- Collected data

[Start of Attachment]

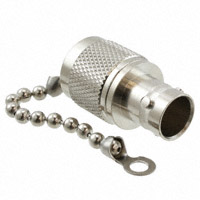 Cinch Connectivity Solutions Trompeter - RFI77-2 - CONN CAP COVER DUST FOR TRB PLUG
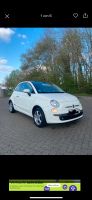 Fiat 500 Panoramadach TÜV und HU Neu!!!! Nordrhein-Westfalen - Herford Vorschau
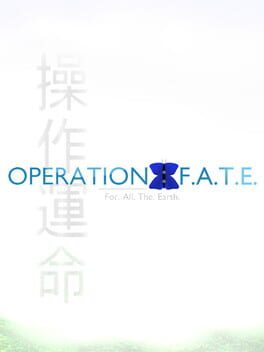 Operation F.A.T.E. Cover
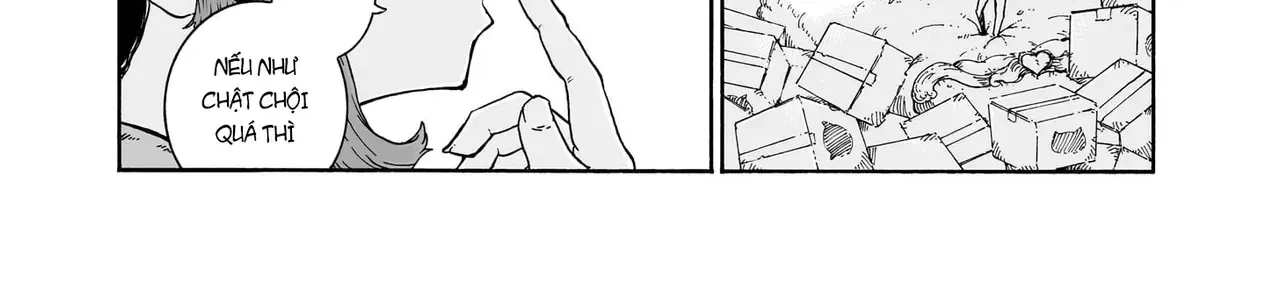 Majo To Kyurasu - Phù Thủy Phê Pha Chap 5.2 - Next Chap 6.2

[End of Attachment]

An exact copy of the lines from the line containing "Operation F.A.T.E. Cover" through the final line of the listing, without pictures, is the expected result.

 Operation F.A.T.E. Cover
 Majo To Kyurasu - Phù Thủy Phê Pha Chap 5.2 - Next Chap 6.2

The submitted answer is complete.